Revisiting Adam Lanza: The Official Sandy Hook Report
The enigma of Adam Lanza's personality and motivation for murder
Posted November 29, 2013
Based on my research, I believe that Lanza was a psychotic school shooter who suffered from undiagnosed schizophrenia. Many of his unusual traits that could be understood as belonging to an autism-spectrum diagnosis and/or obsessive-compulsive disorder could be accounted for by a diagnosis of schizophrenia. These include his extreme social withdrawal and apparent catatonic episodes, his sensitivity to touch and noise, his poverty of speech (lack of verbal interaction), his odd compulsions or rituals, as well as his olfactory hallucinations.
In my forthcoming book I analyze forty-eight school shooters, twenty-five of whom had psychotic features. Like many of these shooters, Lanza was obsessed with the military, violence, and in particular, school shooters and other mass murderers. Most of the shooters who found role models for murder were psychotic. Also, most school shooters who killed members of their families were psychotic.
Perhaps the most significant revelations from the official report are those regarding Lanza’s sexuality. Prior to this, there had been no indication of any sexual interest on his part. He had an interest, however, in pedophilia and “advocating for rights for pedophiles.” He also appears to have engaged in online chats regarding homosexual fantasies. The significance of these revelations is unclear, but they indicate an interest in personal relationships that previously appeared absent.
The burning question that remains unanswered is “why commit murder?” I suspect that whatever rationale he had would strike us as irrational. In fact, there may have been multiple rationales, with multiple different reasons for killing his mother and attacking people at the school. He reportedly had a strained relationship with his mother and referred to her as irrational. He also wrote about the selfishness of women. But does this explain shooting her in the head multiple times?
He may have resented her for what he perceived as some failure on her part.

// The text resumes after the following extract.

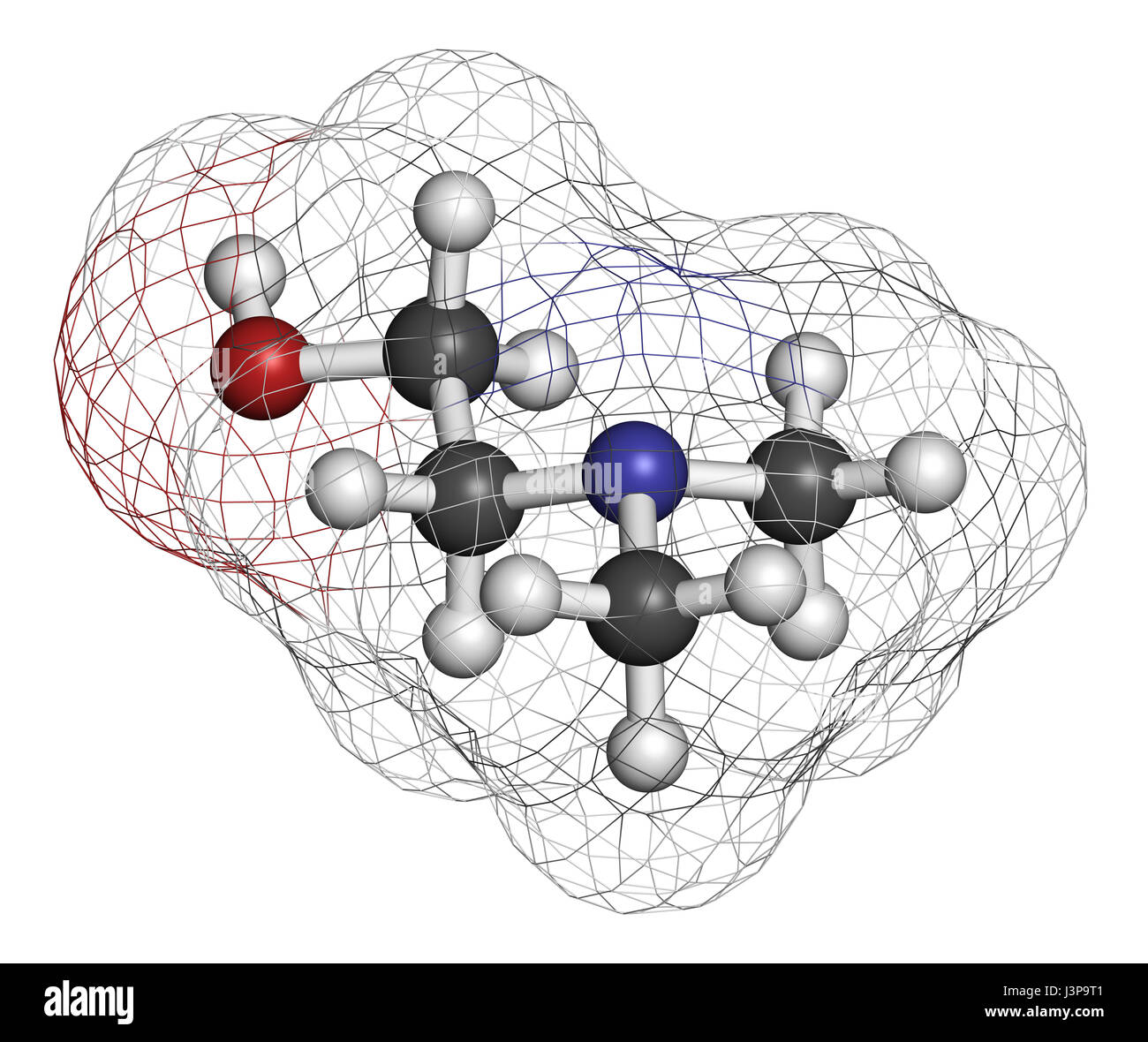 Dimethylaminoethanol (dimethylethanolamine, DMEA, DMAE) molecule. May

He may have envied the children at Sandy Hook because his mother used to volunteer at the school. If he felt abandoned by her and jealous of the students receiving her attention, it would explain his rage toward her and his rage toward the students. Or perhaps his murder of children was related to being sexually tempted by them. It may also have been related to his time at the school. There are reports that he was picked on by his peers, but also reports that he wasn’t, as well as his mother’s indication that he loved the school and was happy there.
Like other psychotic shooters, he may have attacked the school out of extreme envy, killing the children who were living normal happy lives, the kind of life that was always out of reach to him. Alternatively, he may have been acting out commands by auditory hallucinations or the urgings of paranoid delusions. A computer of his contained “two fictional writings of being attacked by babies and attempts to defend against them.” Perhaps Lanza had paranoid delusions about the children at the school and believed he was acting in self-defense by killing them.
Another possibility is that Lanza felt like such a failure as a man that he sought to experience masculinity through violence. Many school shooters had significant biological issues, including birth defects, sickliness, and/or unusually small statures. Lanza was six feet tall but weighed only 112 pounds—making him remarkably frail. Several dumbbells were found in his home, indicating a desire to build up his muscles.
In addition, like many school shooters, he had a relative who served in the military whom he sought to emulate. Many school shooters had military aspirations that were thwarted. Lanza wanted to join the Marines and follow in the footsteps of his uncle, but his mother dissuaded him from applying. Lanza liked to dress up in military gear starting at a young age, and was so dressed during his attack.
For school shooters with a damaged sense of masculinity, violence has been a way to experience power and manliness. This may have been part of Lanza’s motivation. But why gun down young children? Perhaps he felt so inadequate that even with high-powered weapons the only targets he felt capable of taking on were first-graders.